In this study, we also aimed to investigate that the position of canine teeth in cephalometric and panoramic radiographs to predict treatment duration and prognosis. The canine angulation was measured with the angle between longitudinal axis and the vertical reference line. Previous studies reported that when the angulations of the impacted canines were increased, the total orthodontic treatment time was also increased (23, 24). The results of our study was contradicted with those past studies. We found no correlation between the canine angulation and the total orthodontic treatment time. It was estimated that the mesiodistal position of the canine tip in relationship to the adjacent lateral incisor is a marker for the treatment success. Motamedi et al. (7) reported that, if the overlap (>half the root) of the adjacent lateral incisor root via the canine crown is increased, it will influence the treatment results negatively. However, we found no significant effect of the canine’s mesiodistal position on the treatment results. In this study the only radiologic parameter that was found to be related with the treatment duration, was the distance from the canine tip to its target point on the occlusal plane which was considered as mild correlation. None of other radiological parameters was found to be associated with the success and process of the treatment. Stewart et al. (19) suggested that the distance between the canine tip and occlusal plane might be a factor to estimate the treatment duration. They showed that the distance less than 14 mm exhibits treatment time around 24 months. The result of our study was in compatible with Stewart et al. (19) with an average measurement of the canine tip to its target point on the occlusal plane which was 9,6 mm and the total treatment time of 24,8 months.

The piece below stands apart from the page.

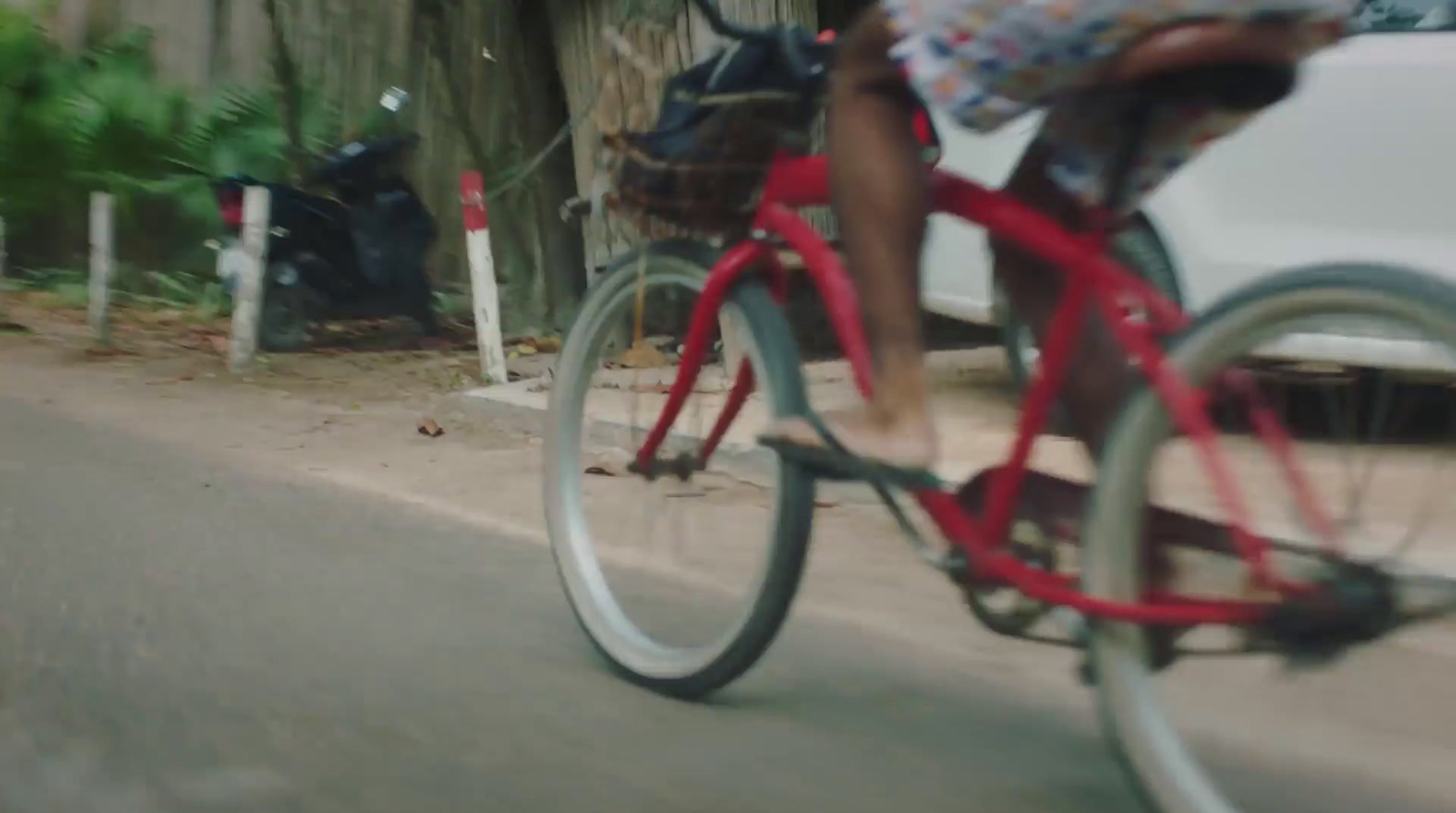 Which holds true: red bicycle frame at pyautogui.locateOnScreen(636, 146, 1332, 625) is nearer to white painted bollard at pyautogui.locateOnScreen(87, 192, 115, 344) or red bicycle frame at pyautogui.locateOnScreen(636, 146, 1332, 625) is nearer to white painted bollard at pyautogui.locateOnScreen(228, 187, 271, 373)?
white painted bollard at pyautogui.locateOnScreen(228, 187, 271, 373)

Root resorption of the adjacent teeth occurs quite commonly when the incisors are close adjacent to impacted MCs. It was reported that physical proximity (/1 mm) between impacted MCs and adjacent roots is one of the most important predictor associated with root resorption of incisors and the first premolars. The increased risk of root resorption was associated with the eruption motion or migration of impacted MC during the incisors’ root development process (25). When evaluated by cone beam computed tomography (CBCT), it was shown that between 27% to 38% of the adjacent laterals and 9% to 23% of adjacent centrals exhibited root resorption associated with the impacted canine tooth (26). Yan et al. (25) was investigated 170 patients with impacted MC and reported an overall prevalence rates of resorption 27%, 18% and 10% at the maxillary lateral incisor, the central incisor, and the first premolar, respectively. In our study root resorption was evaluated by panoramic and periapical radiographs and only 4% of adjacent root resorption were occurred during the treatment period. In our opinion the resorption rate might be found greater if the cases were evaluated with a 3-dimensional CBCT imaging techniques.

Conclusion

The following results may be drawn: [1] no relation was found between young and adult patients by means of treatment duration and prognosis, [2] the canine angulation and classification of mesiodistal position of the canine tip in relation to the adjacent lateral tooth is not related with treatment time and prognosis, [3] the distance of the canine tip to the occlusal plane on the lateral cephalometric radiographs have found to be more related with the total orthodontic treatment time than the radiographic and clinical parameters.